Mullah Omar: Qandahar centric; controls military and funds; close ties to UBL and ISID; increasingly suspicious of Rabbani's supporters; key supporters—Foreigh Minister, Governor of Herat, Governor of Mazar-e Sharif

 

Three years before 9/11, the Taliban diplomatic envoy is expelled from Saudi Arabia over the refusal of the government in Kandahar to hand over Osama Bin Laden.

After the African embassy bombings in August 1998, Washington sought Saudi Arabia’s help in forging a break between the Taliban and bin Laden, specifically in getting Mullah Omar to eject bin Laden from the country.

Prince Turki bin Faisal (also known as Turki al-Faisal)—head of Saudi intelligence and bin Laden’s earlier sponsor during the Soviet occupation of Afghanistan—went to Afghanistan to meet with Omar, head of the Taliban. The meeting is the stuff of legend, the powerful Saudi prince being not just rebuffed and insulted, but treated with less than princely dignity, and leaving in a swirl of robes.

When the Taliban ambassador was expelled from Riyadh, Saudi Crown Prince Abdullah happened to be in the United States on a visit and met at the White House with President Clinton and Vice President Al Gore.

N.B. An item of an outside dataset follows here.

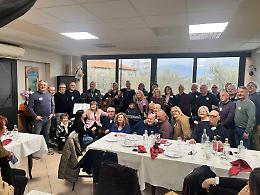 L&rsquo;abbraccio degli allievi al maestro Graziano Gemmiti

He reported on the earlier Turki visit to Afghanistan and expressed Saudi frustration with the unorthodox regime. Saudi Arabia wouldn’t formally break off diplomatic relations with the Taliban until September 25, 2001.

Osama bin Laden

 

Osama bin Laden, an obscure 37-year-old ideologue from Saudi Arabia, began to write a series of open letters as “The Committee for Advice and Reform” to then-King Fahd, to prominent princes and religious figures in the country, and to “the people of the Saudi Arabian Peninsula.”

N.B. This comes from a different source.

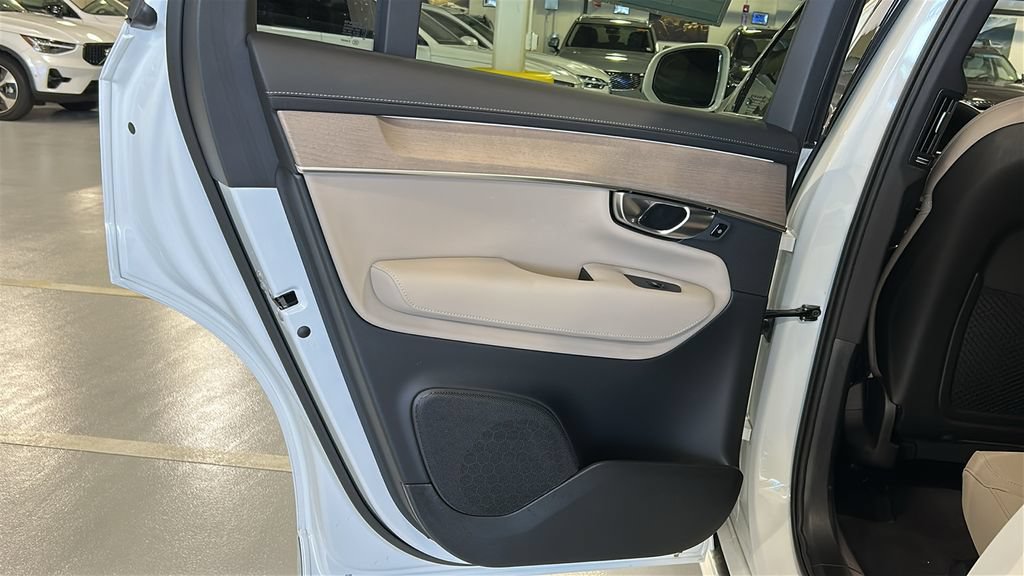 Used 2026 Volvo XC90 B6 Core w/ Protection Package Premier AWD/4WD image 19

The publicly-shared letters, written between 1994 and 1998, begin to express bin Laden’s worldview and radicalism, first in publicly speaking out about the situation in Saudi Arabia, and second, in laying out a set of grievances that prevent Arab fighters in Afghanistan and Pakistan from returning to their home countries (with the end of the Soviet occupation).

Seven years before 9/11, bin Laden talks of the insults and “apostasy” of American military forces deployed to Saudi Arabia after the Iraqi invasion of Kuwait, and even accuses King Fahd of “wearing a cross.” He addresses corruption in the country, the uneven application of Shariah law, what he claims are overtures and accommodations with Israel, and even the poor state of the Saudi armed forces, given how much money Saudi Arabia has spent on arms.

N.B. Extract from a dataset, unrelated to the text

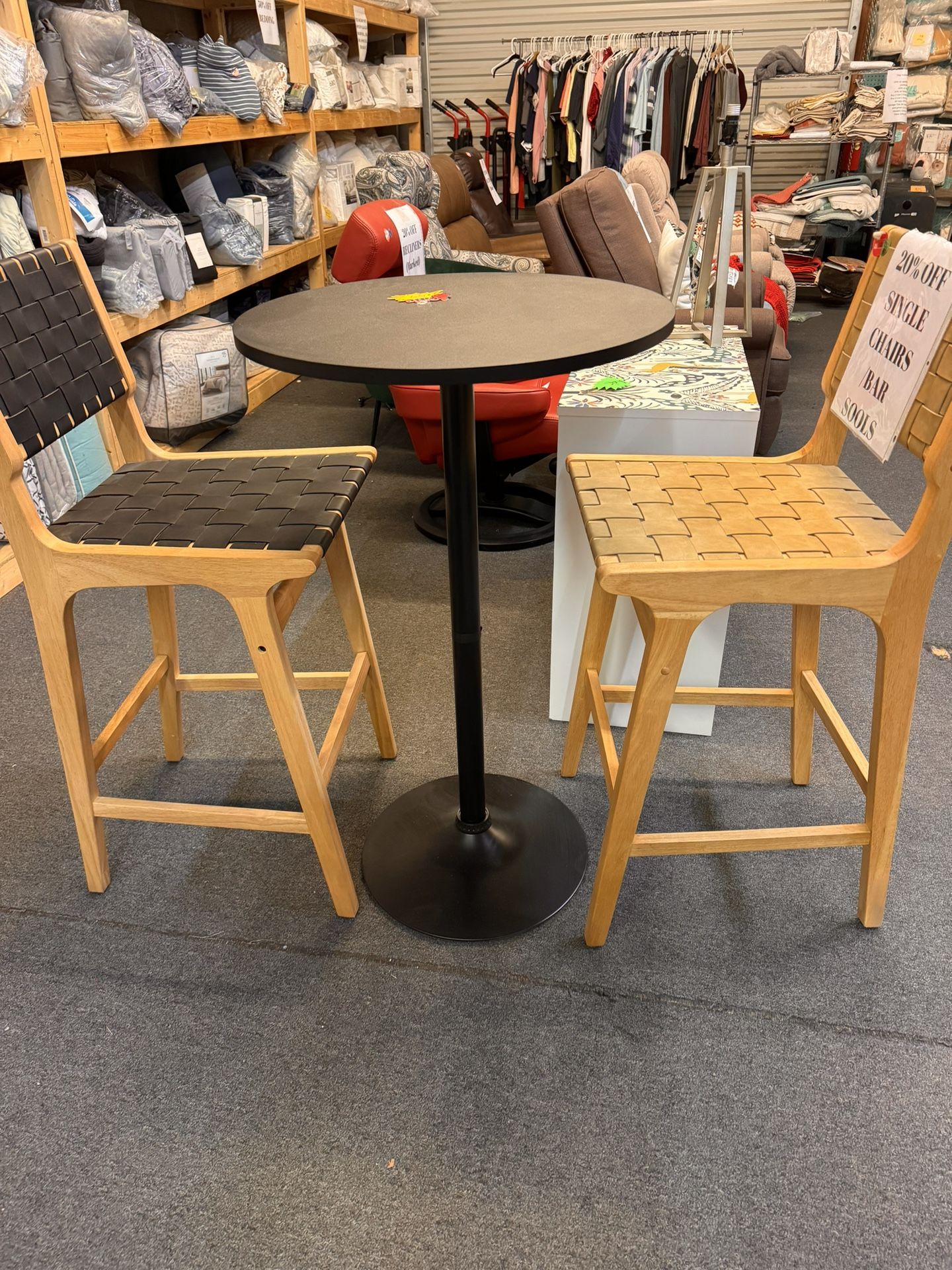 Bar Stools Tables , Bedding , Small Appliances, Chairs And Much More @ Thomas Liquidation Center Savannah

“The gulf crisis [the Iraqi invasion of Kuwait] revealed the lack of preparedness, the need for [foreign] troops, and the ineptitude of its leadership. All of these shortcomings exist in spite of the astronomical amounts that have been spent on the military,” bin Laden wrote—all accurate portrayals and a reality that persists to this day as demonstrated in the disastrous Saudi-run war in Yemen.

“The regime also imported Christian women to defend it, thereby placing the army in the highest degree of shame, disgrace, and frustration,” bin Laden wrote, references to his own brand of fundamental Islam—what would become central to al Qaeda ideology.

The letters are rhetorical, inflammatory, and inaccurate to the Western reader but also a clear indictment of the family Saud and other Arab rulers. The letters in many ways are as erroneous as they are prescient in laying out bin Laden’s and al Qaeda’s grievances, but they are also so obscure in their focus and references that they were hardly noticed in the West. They form a rich source, and yet were little known, even after al Qaeda’s early attacks on America, certainly a missed opportunity to understand what drove so many to take up arms in this new brand of international and anti-American terrorism.